TAOCP 7.2.1.1 Exercise 1
Introduce shifted variables $b_j = a_j - l_j$.
Section 7.2.1.1: Generating All n-Tuples
Exercise 1. [10] [10] Explain how to generate all n-tuples (a1, . . . , an) in which lj ≤aj ≤uj, given lower bounds lj and upper bounds uj for each component. (Assume that lj ≤uj.)
Verified: yes
Solve time: 54s
Introduce shifted variables $b_j = a_j - l_j$. The bounds $l_j \le a_j \le u_j$ become $0 \le b_j \le u_j - l_j$. Define $m_j = u_j - l_j + 1$, so each $b_j$ satisfies $0 \le b_j < m_j$. The problem reduces to generating all $n$-tuples $(b_1,\dots,b_n)$ in a mixed-radix system with radices $m_1,\dots,m_n$.

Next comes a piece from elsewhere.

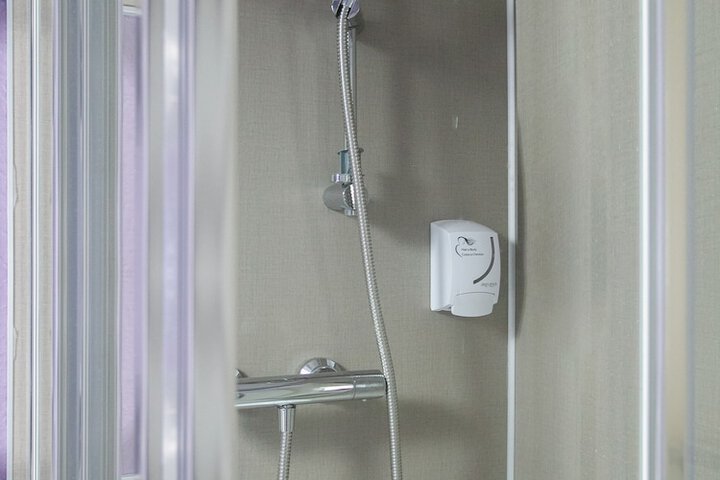 Room 27 of 38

Apply Algorithm M of Section 7.2.1.1 to generate all $(b_1,\dots,b_n)$ by repeated increment in mixed radix, treating $(b_1,\dots,b_n)$ as digits of a number with radix sequence $m_j$. For each generated tuple, output $a_j = b_j + l_j$ for $1 \le j \le n$, which produces exactly the required set of $n$-tuples satisfying $l_j \le a_j \le u_j$. This completes the construction. ∎